Have you looked at CABELAS bargin cave ! They had a few nice pairs on there at great prices 
I have NRS ankle high 6 in.


----------



## Yakkin4bass (Oct 28, 2013)

Those are sweet man...are the bottoms slip proof for walking on slippery rocks and boat ramps? I have some Tevas that are and also breathe and dry out fast. I like em quite a bit but those wolverines look like they might breathe better and dry even faster than the Tevas. I will say this...wash them up good after every use or they will start to stank from the lake water!


----------



## backlashed (Mar 19, 2011)

After trying different types I stick with sandals. Beach shoes, creek shoes and the like always end up trapping sand, pebbles, twigs and other stuff between my feet and the insole. 

Red Head Finley River sandals can be had for $19.95 on sale in the spring and last a long time.


----------



## Yakphisher (Jul 9, 2013)

I had Keens for about 6 years til they fell apart. Tried sandals but not well so will go back to Keens this spring.


----------



## MIKE*A (Apr 12, 2009)

I agree w/Backlashed.....I wear a pair of Keen sandals I got out of the cabelas bargain cave last year.....they have the patented keen toe guard so I don't stub my toes in the river and I don't have issues w/sand.....occasionally, I will pick up some gravel, but I don't have to take off the shoe to get it out....I usually can dislodge it by shaking my foot underwater or worse case, lift my foot up and sweep the rock out with my fingers.....I' very tried mesh shoes/sandals before and as previously stated, they hold sand and small gravel which Becomes very aggravating....it looks like I agree w/yak phished as well.....I guess we were posting at the same time...lol

Mike


----------



## Boostedawdfun (Sep 15, 2012)

I think I'm going to get these and try them out. I feel like even if they got sand or whatever in them once your in the yak you could dip them in the water and it should drain whatever might be in the shoe.


----------



## Boostedawdfun (Sep 15, 2012)

These in store were $85. I've found them online for $60-$65. They make them in the gray and an orange color. Google (wolverine creek bed) 

Here are the orange ones


----------



## KTkiff (Jul 30, 2004)

I have been looking for shoes like these so thank you for posting. I just found them on Sierra Trading post for $65, and a 30% coupon code worked (EB012114A) as well, bringing them down to $42. This was such a great deal I had to order them.


----------



## Boostedawdfun (Sep 15, 2012)

Awesome. Might have to go get the credit card now lol.


----------



## geoffoquinn (Oct 2, 2011)

Don't get the cheap sandals from Walmart my ankle gets torn up on both pairs I bought. The padding breaks down and stains your feet.


----------



## Yakphisher (Jul 9, 2013)

What the rush??

I wait till the spring sales start flying in April!!

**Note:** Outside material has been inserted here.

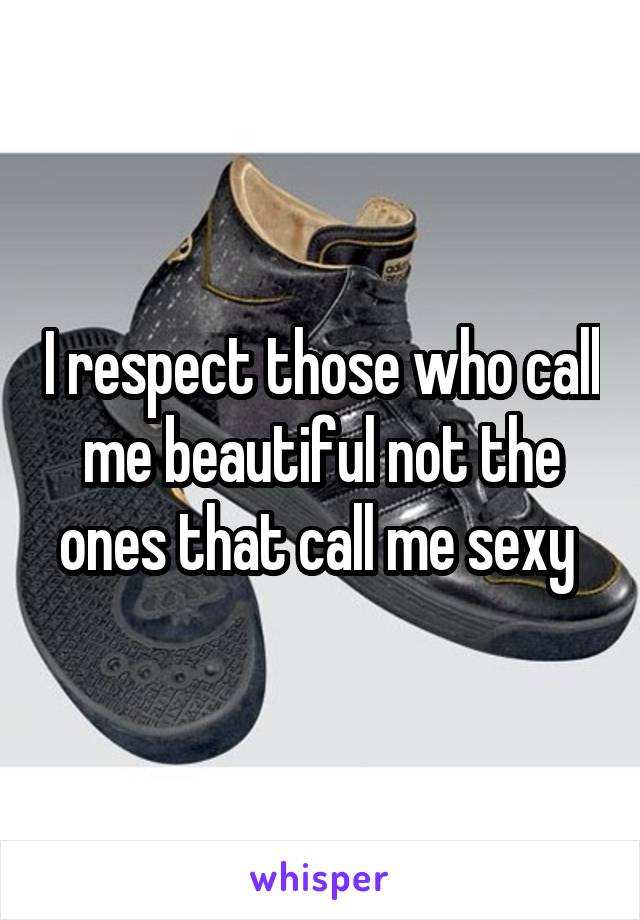 I respect those who call me beautiful not the ones that call me sexy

I am not sure about the mesh shoes as I have a pair of Columbias and they are nice but I need the toe box protection for unseen underwater structures. Not even sure how they will work in the deep muck.


----------



## fishing pole (May 2, 2004)

I had a pair of the keens. Too much debri inside for me. I switched to skeletoes (19.95 on ebay or sometimes on sale at local stores). Best shoe I have ever worn hands down. Like barefoot only with protection and snug enough not to let anything in.


----------



## Northern1 (May 9, 2012)

fishing pole said:


> I had a pair of the keens. Too much debri inside for me. I switched to skeletoes (19.95 on ebay or sometimes on sale at local stores). Best shoe I have ever worn hands down. Like barefoot only with protection and snug enough not to let anything in.

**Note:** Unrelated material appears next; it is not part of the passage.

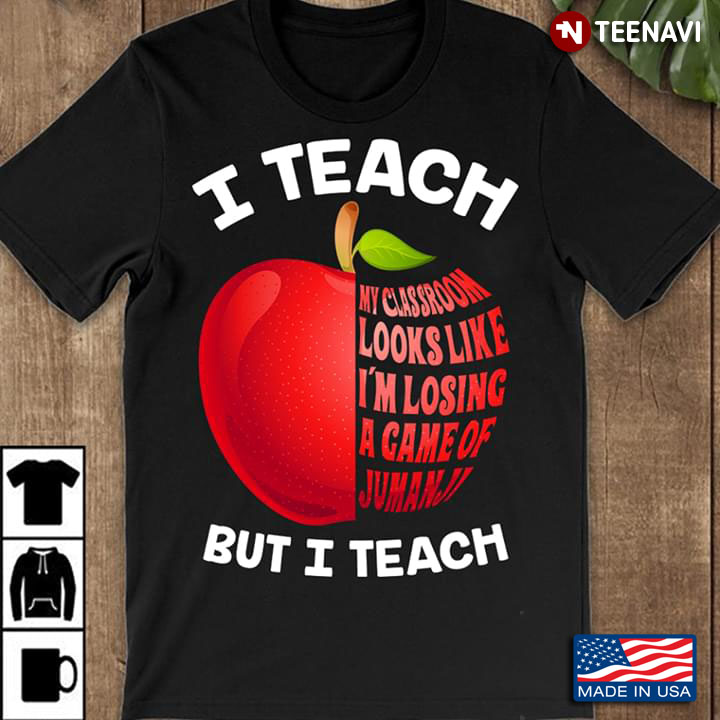 I Teach My Classroom Looks Like I’m Losing A Game of Jumanji But I Teach Apple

Those look really nice. Might have to try a pair of them this season.


----------



## Boostedawdfun (Sep 15, 2012)

I have skeletoes. Not bad but not great. These seemed much more comfortable


----------



## Northern1 (May 9, 2012)

Hm. And they were $42 on sierratradingpost? Might have to consider that one. I have a $10 gift card there as well


----------



## Snakecharmer (Apr 9, 2008)

Funny I was looking at a catalogue yesterday and was going to start the same thread. I have some Teva sandals but wanted to look for something with a closed toe. Anybody use Crocs?


----------



## Bowhunter57 (Feb 9, 2011)

I just use a pair of neoprene slip on shoes from Walmart, but it's got to be pretty darn warm to be wearing that type of foot wear. 

Bowhunter57


----------



## KTkiff (Jul 30, 2004)

Northern1 said:


> Hm. And they were $42 on sierratradingpost? Might have to consider that one. I have a $10 gift card there as well


Yep after you use the coupon code

Sent from my HTC One mini using Ohub Campfire mobile app


----------



## Brad45005 (Oct 11, 2013)

What kind of footwear or leggings do you wear in the early spring/late fall?...just curious as I am in my first year and looking.g to get a brand new kilroy wet soon as the weather breaks...

Thanks in advance. 

Sent from my LG-E980 using Ohub Campfire mobile app


----------



## Northern1 (May 9, 2012)

I just ordered TWO pairs of the wolverine creek shoes for the kayak on SierraTradingPost.com

They were only $35 a piece! 45% off of the 33% they were originally marked down. They were like $100 bucks to begin with. Also 99 cent Shipping if you have $75 orders. PLUS NO TAX?!?! wow. So, I got two sweet pairs of shoes and a nice moisture wicking shirt for $75. That's a steal.

Here is the code- it ends tonight! VGC76658

If you want them, now is the time to get them. The sizing chart said they are true to size.

Here is the shoe: 

http://www.sierratradingpost.com/wo...ilterString=s~wolverine-creek/&colorFamily=01


----------



## rustyfish (Apr 27, 2004)

anything that looks like a sneaker but is mostly mesh is good. If the mesh actually goes down to the sole in spots for especially at the heal then even better. If it has a rubber insole then great.


----------



## rustyfish (Apr 27, 2004)

Those wolverines look perfect and ill be looking at them when I need a new pair.


----------



## backlashed (Mar 19, 2011)

Brad45005 said:


> What kind of footwear or leggings do you wear in the early spring/late fall?.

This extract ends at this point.